← Glossary / PySpark

What is PySpark?

PySpark is the Python API for Apache Spark, an open-source distributed computing framework used to process massive datasets across a cluster of machines. In scraping pipelines, it's the engine that takes over after extraction — handling deduplication, schema validation, and complex joins across hundreds of millions of records where single-node tools like Pandas would immediately run out of memory.

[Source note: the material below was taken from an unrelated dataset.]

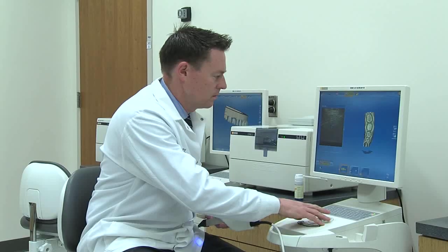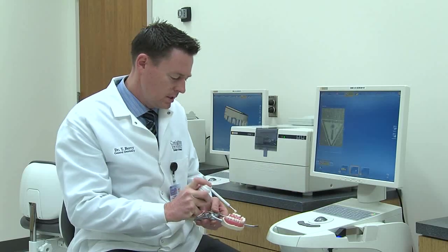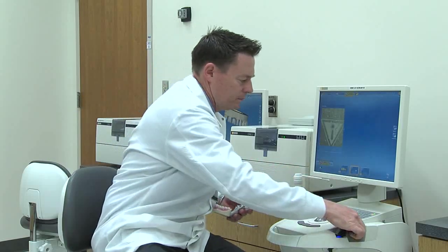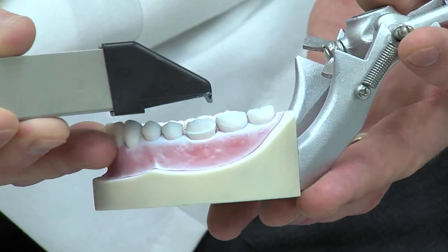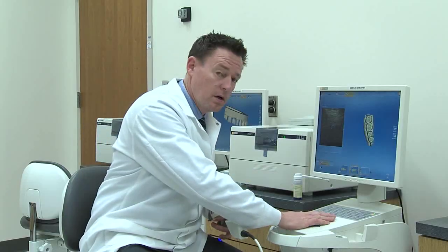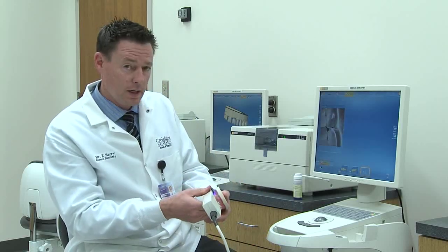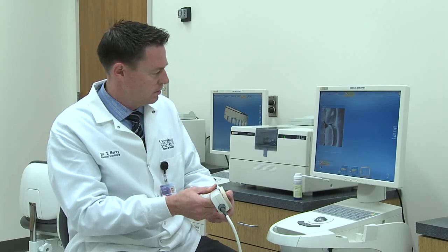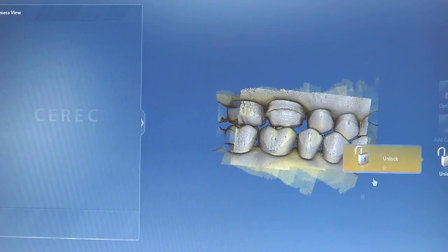Once we have the existing preparation and the adjacent teeth, we'll capture the opposing teeth. We'll powder it the same with our blue powder, and again capture the image with our camera. Now that we have the opposing arch, we need to capture what's called the buccal bite — that's the teeth together in relation to the upper and lower arch. And there we've acquired all the images necessary to create a single unit crown.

Data EngineeringDistributed ETLBig DataLazy EvaluationApache Spark
// 02 — definitions

Beyond
single-node.

When your daily scrape yields 500GB of JSON, you can't process it on one machine. PySpark distributes the workload across a fleet of workers.

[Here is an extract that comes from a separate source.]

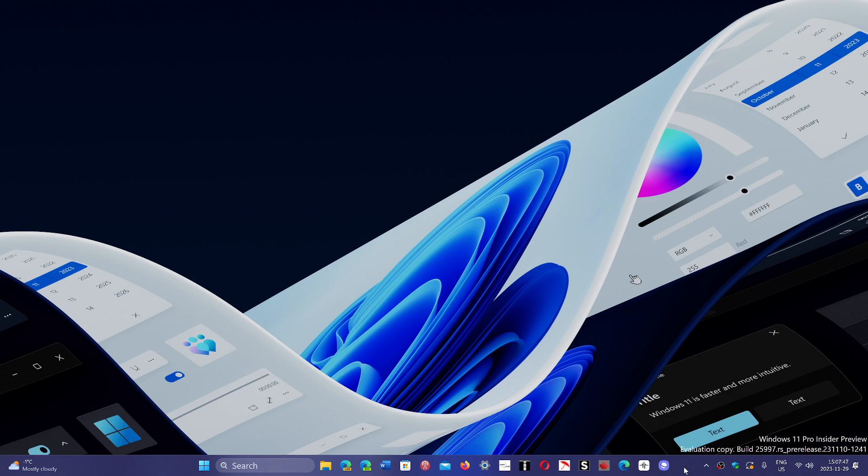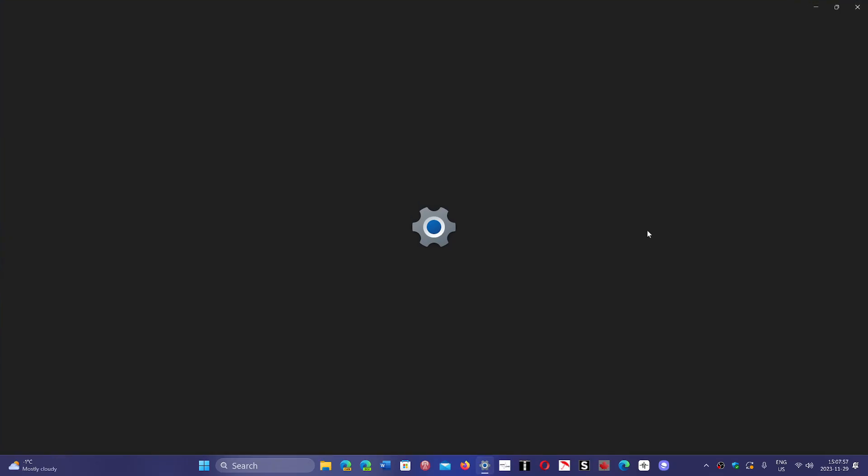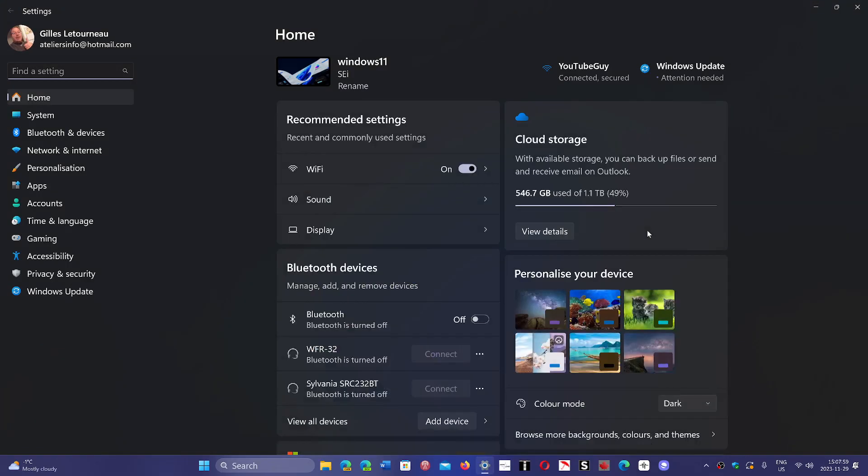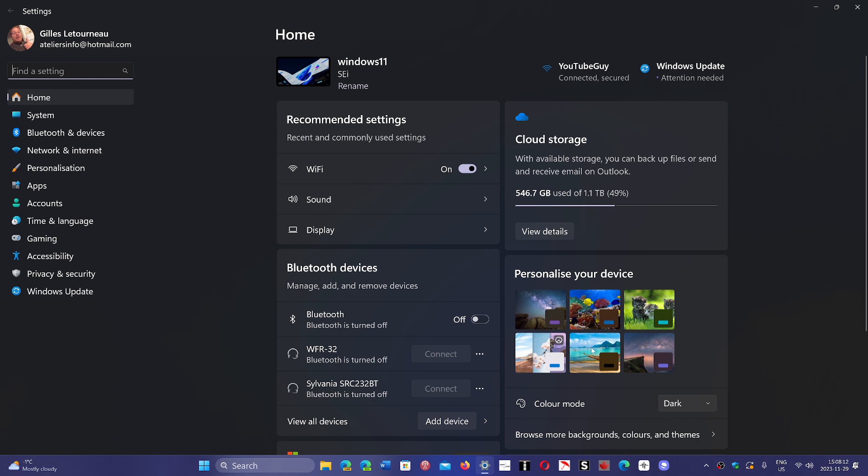And now we're into what's next for Windows 11. This is the interesting part because we don't really know what's next for Windows 11 now. Microsoft, after the moment that it released, has not said anything, announced anything, or told us anything about what is coming up.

Ask a DataFlirt engineer →

TL;DR

PySpark allows data engineers to write Python code that executes in parallel across a cluster of worker nodes. It uses lazy evaluation to optimize execution plans before running them, making it the industry standard for transforming raw scraped data into clean, query-ready Parquet or Iceberg tables at scale.

01Definition & structure

PySpark is the Python interface for Apache Spark. It allows developers to write Python code that is translated into JVM instructions and executed across a distributed cluster of machines. The core abstraction is the DataFrame — conceptually similar to a Pandas DataFrame, but distributed across many nodes.

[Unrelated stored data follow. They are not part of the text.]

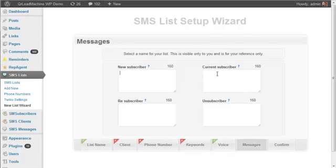Instead, if they text in the keyword again, you could give them another message saying, thanks for being on our list. Just keep an eye out for our specials every week.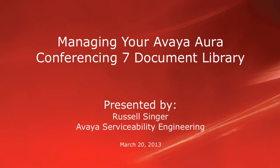Hello, my name is Russell Singer with the Avaya ServiceAbility Engineering team. In this video, we'll demonstrate how to use and manage your Avaya Aura Conferencing 7 document library.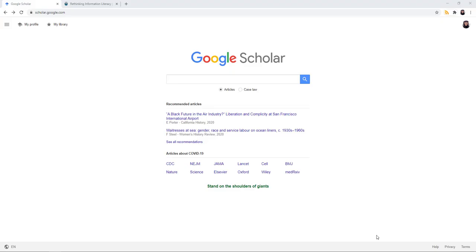The Google Scholar button allows you to connect to Google Scholar from any website you're currently browsing. This enables you to do more research and find more articles because you can search the title in the web browser extension. It'll also help you cite and find PDFs of the articles you're looking for.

A PySpark application consists of a Driver program (which runs the main function and creates the SparkContext) and multiple Executors (worker nodes that run the actual tasks and store data in memory or on disk).

02Transformations vs Actions

PySpark operations are strictly divided into two categories:

  • Transformations (e.g., select, filter, join): These are lazy. They don't compute anything immediately; they just add a step to the execution plan.
  • Actions (e.g., count, collect, write): These trigger the actual execution of the DAG.

This separation is what makes PySpark fast. If you filter a billion-row dataset and then ask for the top 10 rows, Spark's optimizer knows it doesn't need to process the entire dataset — it just needs to find 10 rows that match the filter.

03The Shuffling Problem

Operations like map or filter are "narrow" — they can be computed on a single partition without talking to other nodes. Operations like groupBy or join are "wide" — they require data with the same key to be on the same node. Moving this data across the network is called a Shuffle.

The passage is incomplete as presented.